Another legend is how they repaired the spillways in just under a year. Which they had to because it was another big El Nino snow winter and the runoff was even greater but the repairs and modifications to the spillways worked ,and have continued to work, for the past forty years. (I’ll put a link to a Bureau of Reclamation documentary about it below. However you feel about Glen Canyon Dam, it makes you proud to watch it.)
The other worst case scenario for Lake Powell is going on now. During summer there’s a white bath tub ring extending more than 100 feet above the lake surface. The top is where the water used to be. After years of drought, the water’s way down there. It’s going on in Lake Mead downstream, too. We see that and say, “Whoa, that’s scary.” And it is, but even scarier is what we don’t see. Every day, since 1963 the Colorado River has been dumping, on average, the equivalent of 30,000 dump truck loads of silt into Lake Powell. Let me say that again. Every day, since 1963 the Colorado River has been dumping, on average, the equivalent of 30,000 dump truck loads of silt into Lake Powell. This is a silt load comparable to what the Yangtze is dumping into Three Gorges. So, in giant dams, while the water is going down, the bottom is coming up.
In 2021 Lake Powell went to 31 percent of capacity. There was concern it would go to dead pool but they were able to keep the lights on and pumps running. Still, concerns remain that it could happen in summer of 2022. To maintain reserves for the driest months, there are plans to proactively cut back water allotments for all the states receiving Colorado Basin water, and cutting 5 percent of the water to Mexico that the US has pledged to supply, (80,000 fewer acre feet). Less water means less agriculture and increased food prices.
We exist by the grace of nature that has the power to flatten us in multiple ways. It’s nothing personal. This being the case, even as drought makes dead pool the more likely scenario for stopping the dam, big weather events off the Pacific we’ve seen in recent years could bring another El Nino winter with massive snow and run-off creating a 1983 type flooding scenario. No one has that crystal ball to say which it will be. Either way, there’s growing sentiment that Glen Canyon Dam was a bad idea and that it should be removed. However it goes, the days of this dam are numbered and when it’s gone, food prices around the world will ripple upward as Colorado Basin water supply spirals down.

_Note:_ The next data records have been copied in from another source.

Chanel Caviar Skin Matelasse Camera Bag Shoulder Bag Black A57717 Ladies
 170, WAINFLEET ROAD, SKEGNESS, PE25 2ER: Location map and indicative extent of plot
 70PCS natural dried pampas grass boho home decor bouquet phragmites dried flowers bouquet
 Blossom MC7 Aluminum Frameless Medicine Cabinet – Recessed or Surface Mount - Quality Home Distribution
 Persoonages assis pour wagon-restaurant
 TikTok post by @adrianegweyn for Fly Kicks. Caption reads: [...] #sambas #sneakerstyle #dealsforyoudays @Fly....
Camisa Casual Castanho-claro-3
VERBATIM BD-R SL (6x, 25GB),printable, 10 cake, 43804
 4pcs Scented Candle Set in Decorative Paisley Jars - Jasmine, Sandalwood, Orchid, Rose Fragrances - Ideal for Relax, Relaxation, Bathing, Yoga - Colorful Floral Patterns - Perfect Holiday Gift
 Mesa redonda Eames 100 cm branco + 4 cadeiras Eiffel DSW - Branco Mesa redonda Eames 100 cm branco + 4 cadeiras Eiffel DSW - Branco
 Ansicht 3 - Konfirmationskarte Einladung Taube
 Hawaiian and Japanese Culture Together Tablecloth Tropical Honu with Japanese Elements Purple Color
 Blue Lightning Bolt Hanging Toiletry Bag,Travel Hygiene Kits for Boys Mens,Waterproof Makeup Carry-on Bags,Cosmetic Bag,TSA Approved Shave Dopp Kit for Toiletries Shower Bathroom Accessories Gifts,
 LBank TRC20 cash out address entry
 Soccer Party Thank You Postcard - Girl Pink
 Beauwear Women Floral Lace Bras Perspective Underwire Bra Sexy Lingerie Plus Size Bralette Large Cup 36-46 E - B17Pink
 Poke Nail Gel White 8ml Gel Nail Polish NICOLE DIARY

07.18.2019 For a While in 1983 Sheets of Plywood were all that kept the mighty Glen Canyon Dam from over flowing The Republic/Arizona Central by John D’Anna. Excellent article.
1993 edition Cadillac Desert: The American West and Its Disappearing Water, by Marc Reisner. 582 Pages. Far and away the best book ever on water issues in the American West. Penguin Books.
1975 The Monkey Wrench Gang by Edward Abbey. Abby’s most famous work centers around blowing up the Glen Canyon Dam.
Challenge At Glen Canyon Bureau of Reclamation documentary about repairing the dam spillways that failed in 1983. You might say the Bureau made themselves look good by saving something they shouldn’t have built in the first place. I wouldn’t argue. But still, it makes you proud to watch what those workers accomplished in less than a year.